What the task requires: Exactly and only the lines below from the one containing "Апартаменты I Giardini" down to the one containing "Telo mare UNICORNO da personalizzare con nome" are wanted, both included; please exclude every picture.
===== Data for review
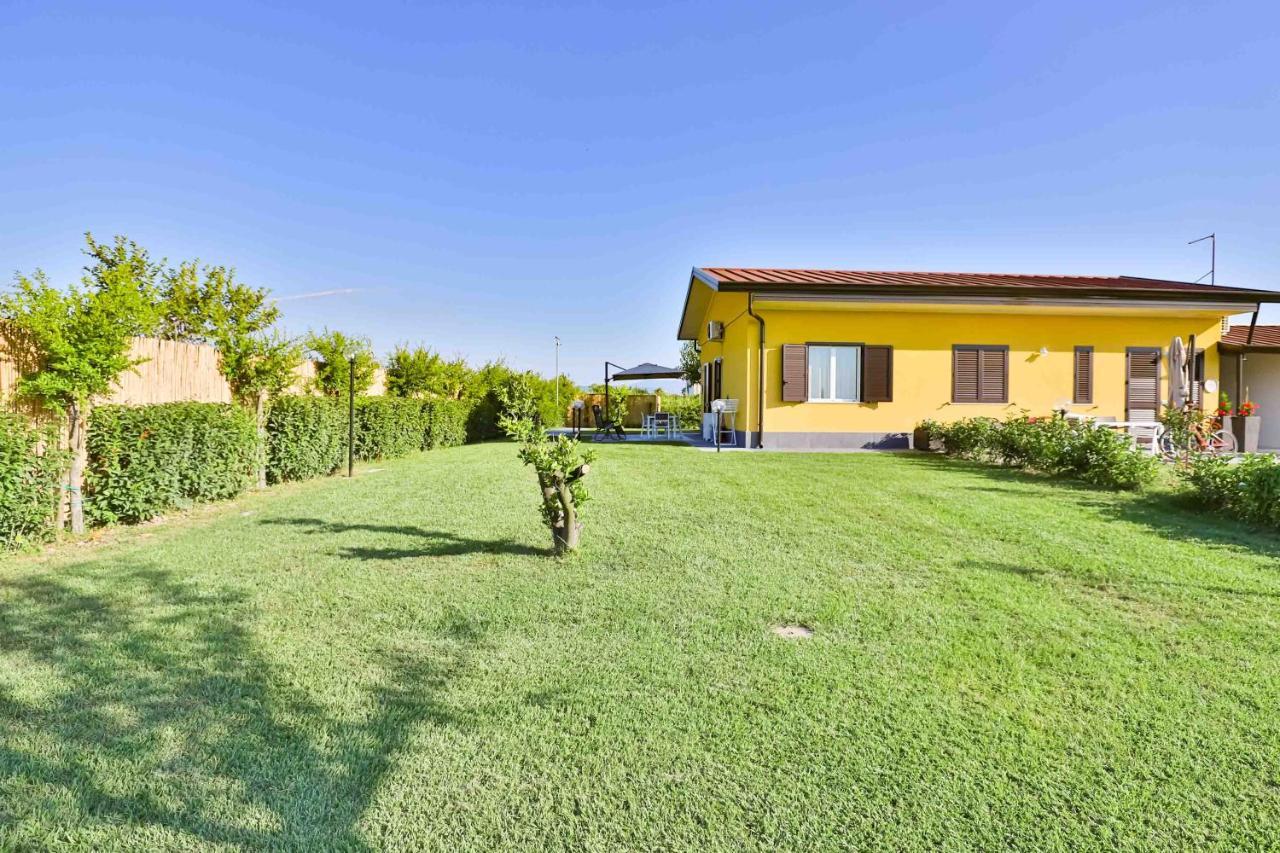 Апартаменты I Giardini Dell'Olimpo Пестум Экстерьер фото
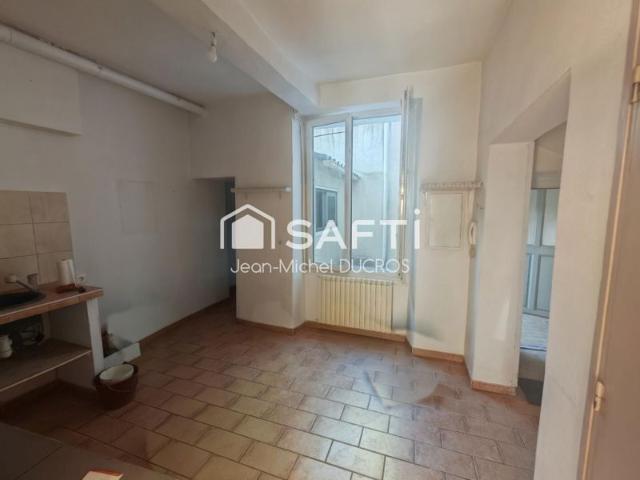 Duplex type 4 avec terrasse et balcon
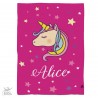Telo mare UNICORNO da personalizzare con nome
==========
===== Data for review
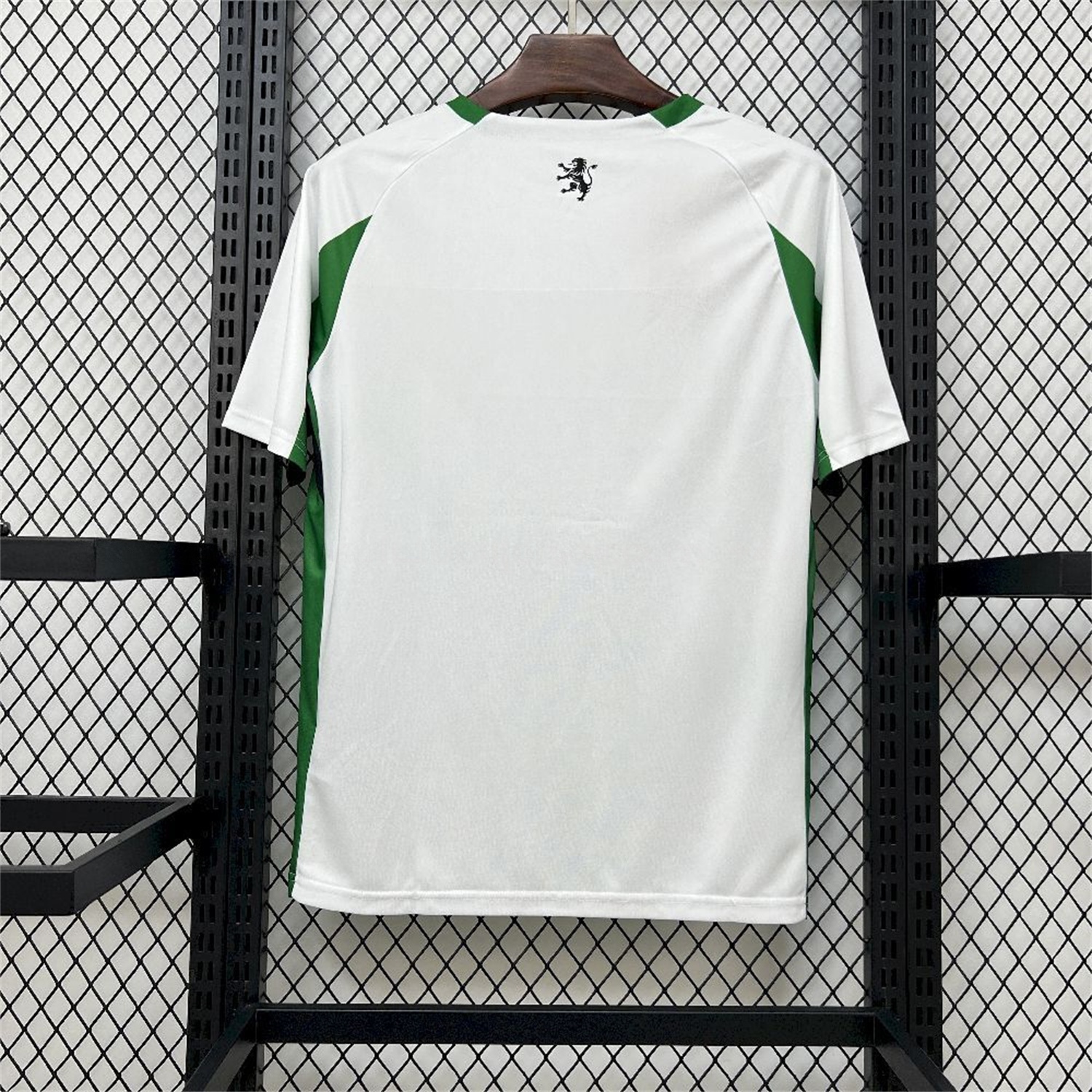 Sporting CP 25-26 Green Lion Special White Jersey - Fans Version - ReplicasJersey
==========
Your response:
 Апартаменты I Giardini Dell'Olimpo Пестум Экстерьер фото
 Duplex type 4 avec terrasse et balcon
Telo mare UNICORNO da personalizzare con nome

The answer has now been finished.